→ Dataset content:
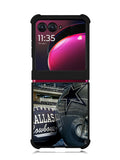 Dallas Cowboys 7th Motorola Moto Razr Plus 2023 , Moto Razr+ 2023 Case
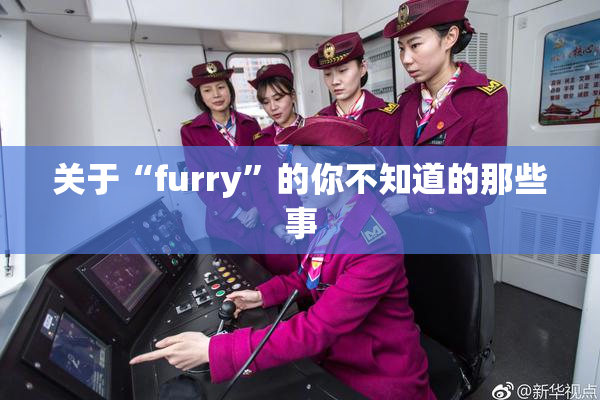 关于“furry”的你不知道的那些事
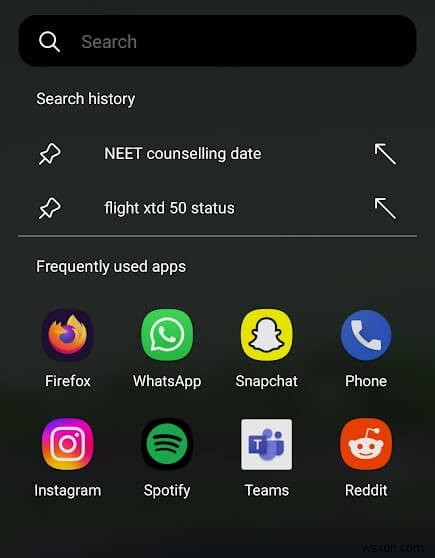 Microsoft Launcher を使ってみる - Android フォンをスーパーチャージ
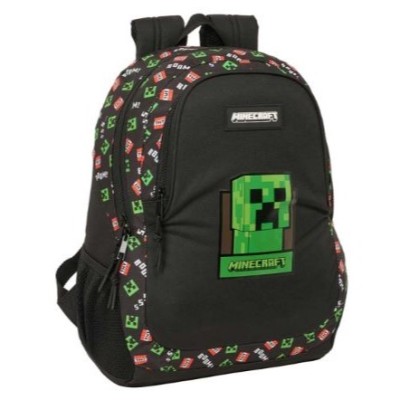 MOCHILA MINECRAFT ADAPTAVEL A TROLLEY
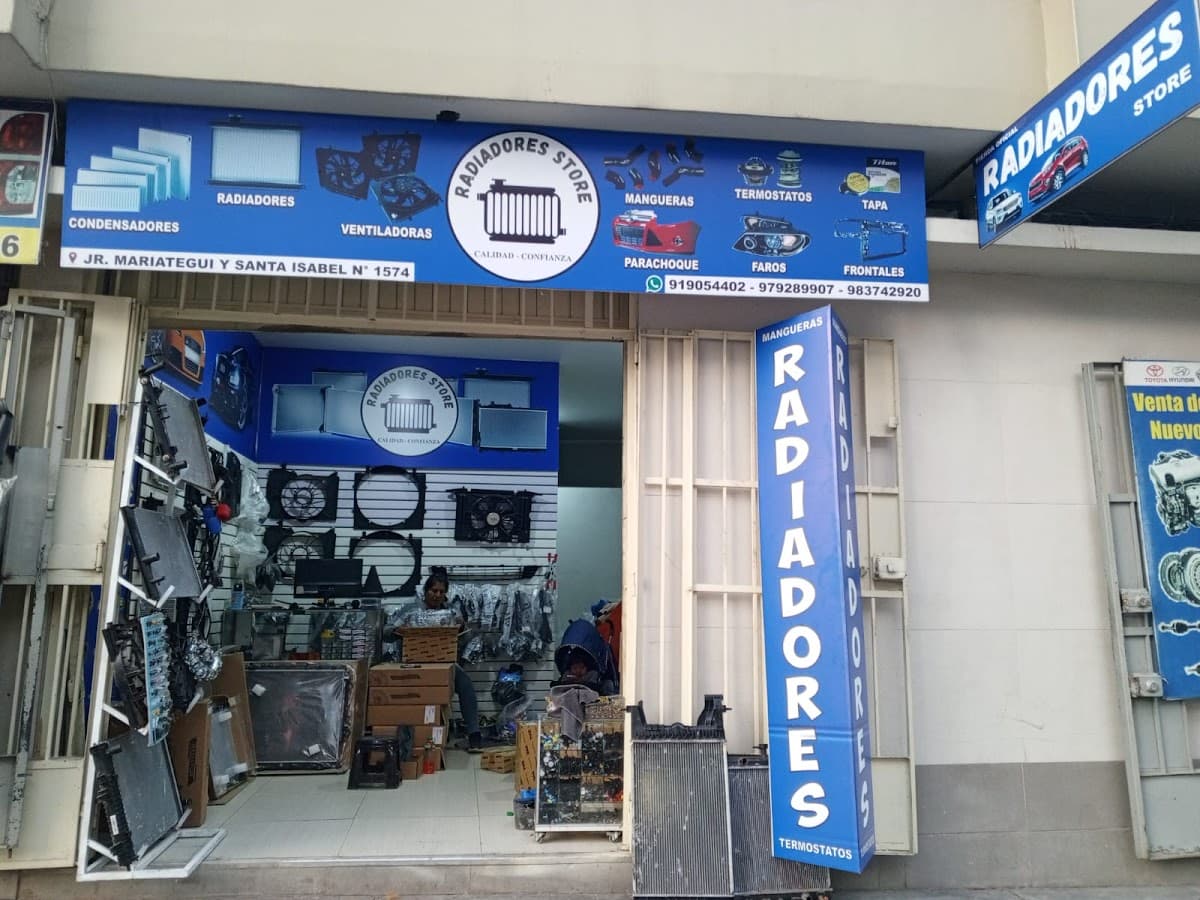Repuestos e Importaciones AutoStore E.I.R.L. — foto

→ Task brief: Please repeat exactly the lines from the one containing "Microsoft Launcher を使ってみる" through the last line of the records, both included, and leave out the pictures.

→ Result of the exercise:
 Microsoft Launcher を使ってみる - Android フォンをスーパーチャージ
 MOCHILA MINECRAFT ADAPTAVEL A TROLLEY
Repuestos e Importaciones AutoStore E.I.R.L. — foto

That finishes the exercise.